Cuando antes de abrir el libro ya nos topamos en la portada con el gato Fritz, un personaje creado por Robert Crumb para una revista de cómic underground publicada en Estados Unidos durante la década de los sesenta, de personalidad entre cáustica y entrañable, que pasó a ser el emblema anticultural de la crítica a una sociedad caduca, podemos estar casi seguros de encontrarnos con otra novela pura sangre, marca de Eduardo Mendoza, ya saben, el Premio Cervantes 2016. Aunque esta sensación se acentúa nada más conocer al protagonista de esta historia, Rufo Batalla, un joven barcelonés que, al más puro estilo “mendocino” (refiriéndonos al Mendoza autor, no a la ciudad argentina), va dejándose llevar por las circunstancias de la vida sin oponer demasiada resistencia, es decir, el clásico antihéroe al que no le pasa nada especialmente relevante, pero que, en el fondo, va tirando.

Rufo es un reportero, por hacer algo, de segunda en la Barcelona de los años sesenta a quien su jefe le encarga cubrir la boda de un heredero al trono, el príncipe Tukuulo, sugestivo apelativo, de un país perdido en el puzle de la Unión Soviética, nada menos que Livonia, no me pidan que lo sitúe en el mapa, justo en plena Guerra Fría, trabajo éste enfocado para llenar huecos de su diario vespertino, pero que, al mismo tiempo, es la última posibilidad para el joven Batalla de surgir de la mediocridad profesional. Así que hacia Mallorca viaja Rufo sin ningún entusiasmo y menos claridad de ideas, abriéndose el libro con su supuesta crónica escrita en el más rancio estilo propio del franquismo inicial, ya saben, cuando la más nimia noticia era leída por el abnegado informador como una oda a la más absoluta transcendencia.

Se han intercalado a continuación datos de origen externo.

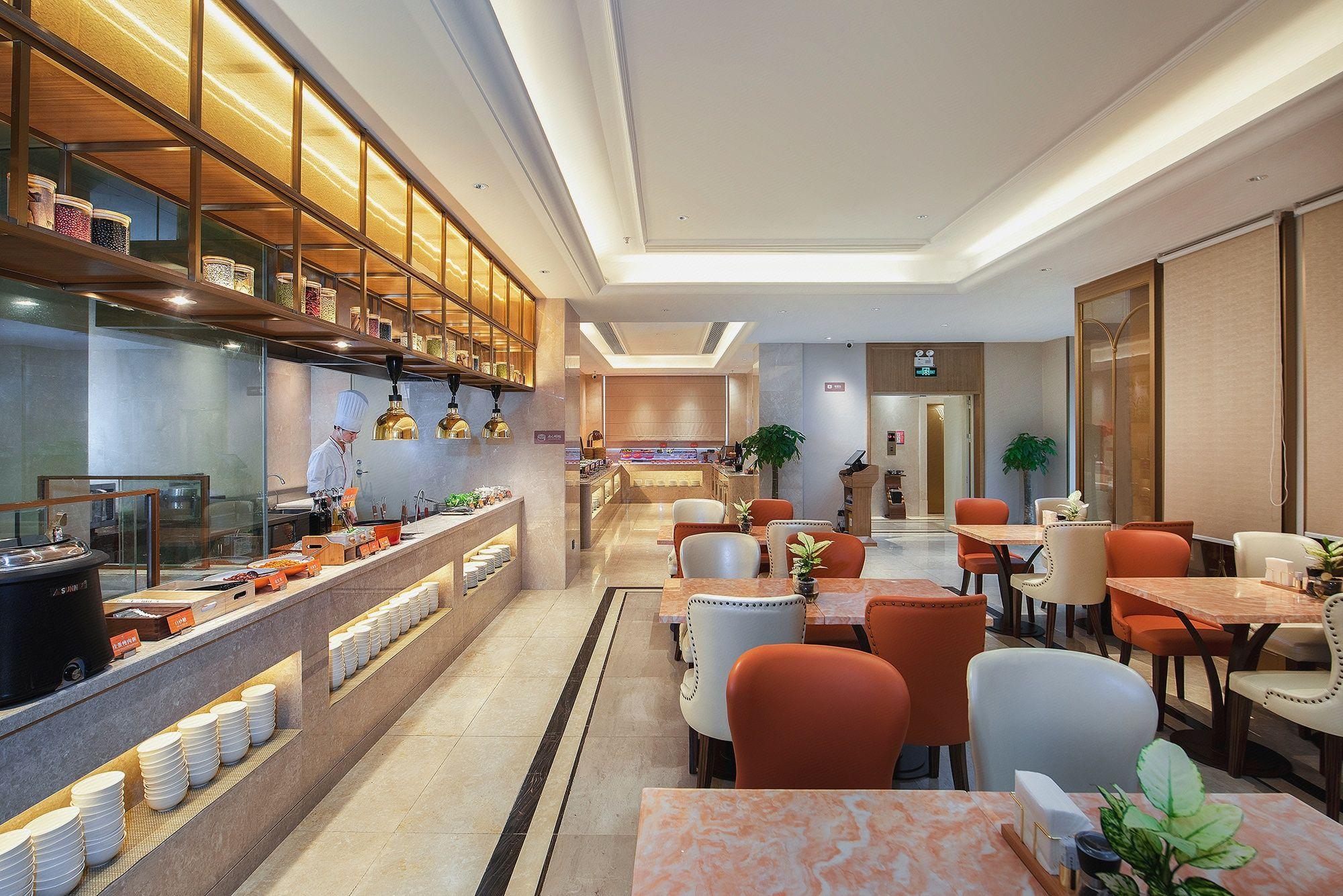 Vienna Hotel (Shenzhen Aiguo Road) 26/40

Y de esta forma, tan poco convencional, comienza una relación atípica a tres bandas, aunque muy del gusto de Mendoza, entre nuestro Rufo Batalla, un joven cuya máxima aspiración simplemente parece consistir en seguir respirando, el susodicho príncipe Tadeusz Maria Clementij Tukuulo, Bobby, para los amigos, una especie de pícaro aristócrata que aspira a una utopía y vive del cuento, y su prometida, la futura Queen Isabella, más conocida por nuestro protagonista como Monica Coover. Una relación que cambiará el rumbo de Rufo.

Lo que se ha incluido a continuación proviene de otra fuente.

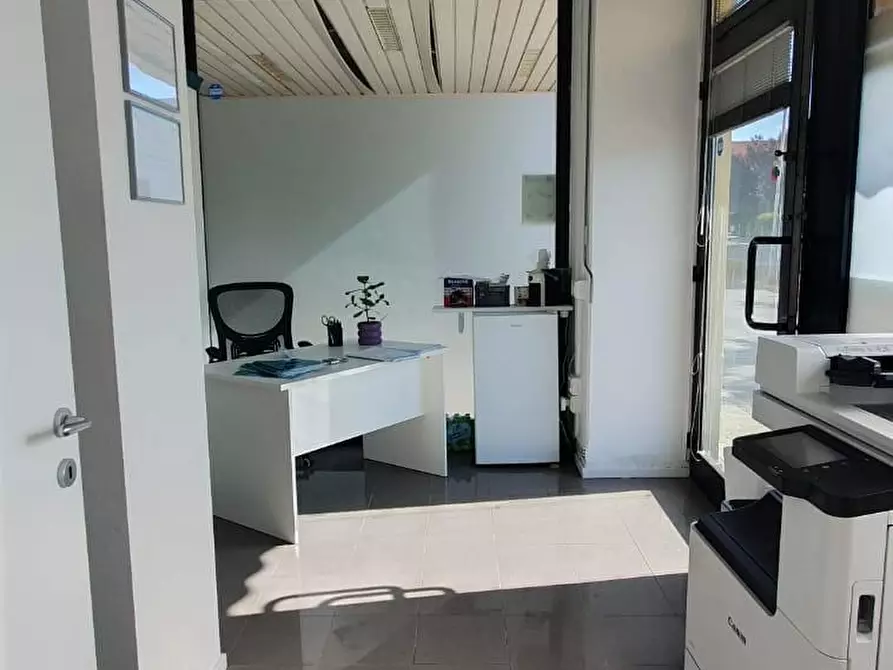 Immagine 8 di Locale commerciale in vendita  a Porcari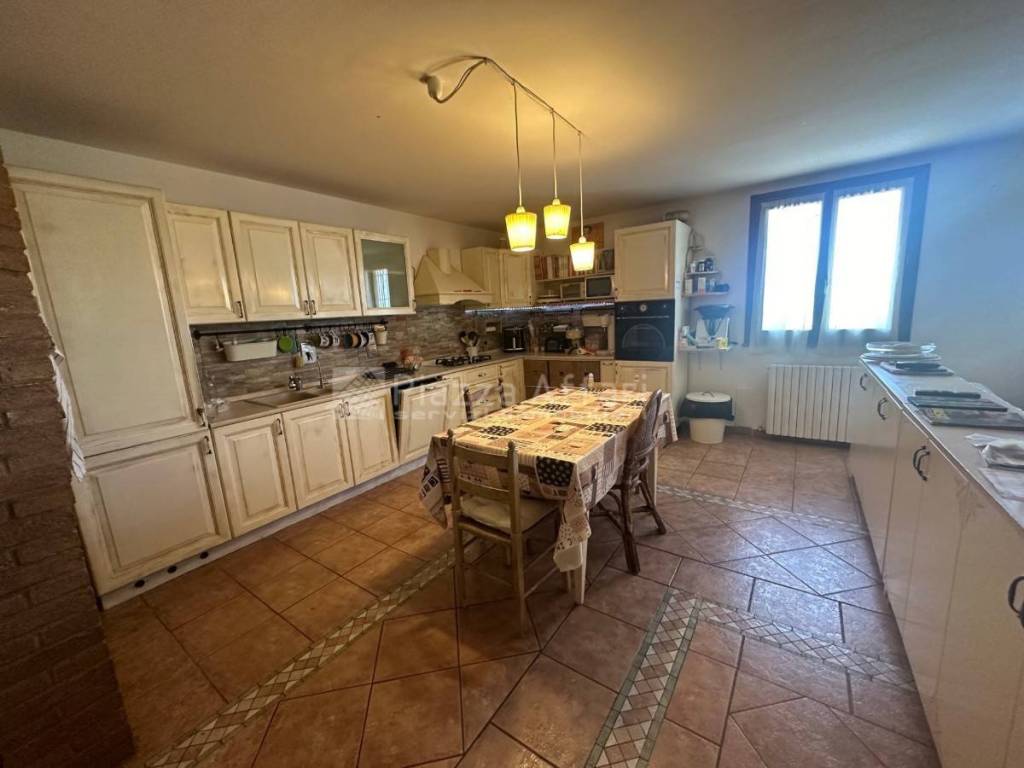 Casa indipendente a Reggio emilia in Via Alessandro Volta - Foto 2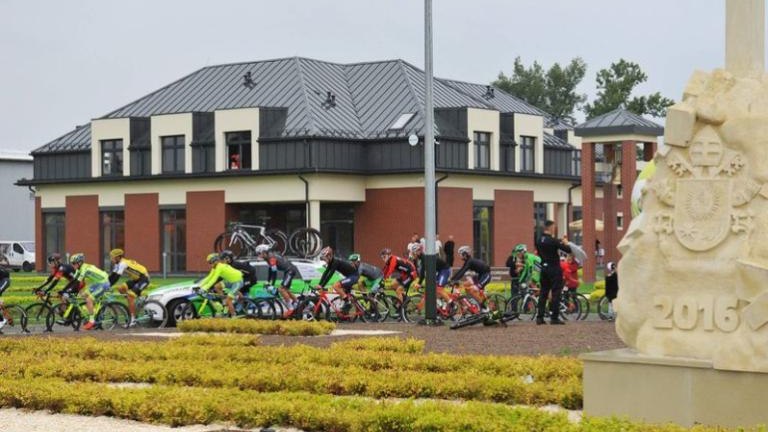 tour-de-polonia-wieliczka-brzegi-campus-misericordiae-czeslaw-lang-burmistrz-artur-koziol-etap-klasyk-kolarski-marczy-ski-30.jpg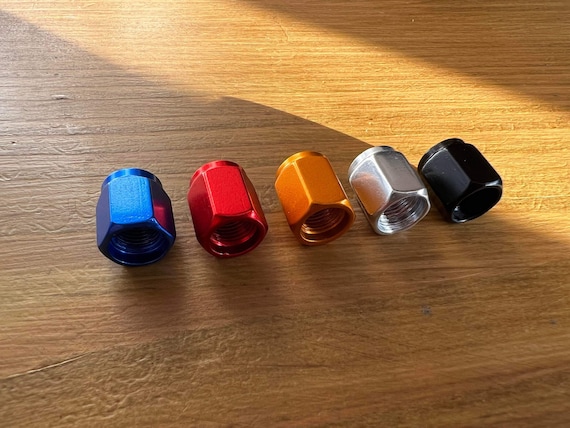 EdelSIGN - Tappi per valvola per cerchioni, confezione da 4 pezzi, con superficie cromata lucida (ottone + cromo) antipolvere per tutte le auto + valvole dei pneumatici della bicicletta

El rey recibe parece que es la primera novela de una trilogía, Las tres leyes del movimiento, que para los estudiosos de ciencias debo aclarar que no son las de Newton, aunque que, seguramente, algo tiene que ver… Y en esta primera entrega se nos va desplegando, como por casualidad, la historia contemporánea, desde los primeros atisbos aperturistas de nuestra dictadura doméstica, quizá a causa de un cierto temor a las posibles salpicaduras del “mayo francés”, pasando por los movimientos “hippies”, aquellos jovenzuelos de ambos sexos con flores en el pelo y humo en la cabeza, o el grito por la igualdad de las comunidades negras de Norteamérica, quienes tuvieron suficiente valor para enfrentarse, a cara descubierta, a los encapuchados del KKK, hasta el asesinato de Carrero Blanco, punto en el que nuestro autor pone el supuesto inicio de la democratización española. Y los lectores todo lo vamos observando a medida que seguimos a Rufo Batalla por sus diferentes etapas: la de periodista de medio pelo, la de ambulante por Berlín y Praga, la de director cuando le piden que se invente una nueva pequeña revista del corazón, o la de emigrante intelectual, cuando trabaja en la Cámara de Comercio española de Nueva York. Al mismo tiempo, percibimos sutilmente la evolución de las relaciones amorosas en una España pacata, pusilánime y atrasada, a medida que somos espectadores de sus devaneos románticos con las diferentes novias que pasan por su vida, relaciones que nunca le llevan a ninguna parte, aunque tampoco parece importarle demasiado. Y todo esto narrado en primera persona por Rufo, en tono de confesión sincera entre amigos.

En esta primera entrega, todavía apreciamos el tufillo que emanaba de cualquier español, que no fuera de clase alta, claro, de las décadas de los sesenta y setenta, una especie de animosidad escéptica y fatalista, a medio camino entre la apatía y la suspicacia, pero disfrazada de la típica alegría hispana que tan cercana estaba al sarcasmo. Veremos qué nos deparan las dos entregas restantes.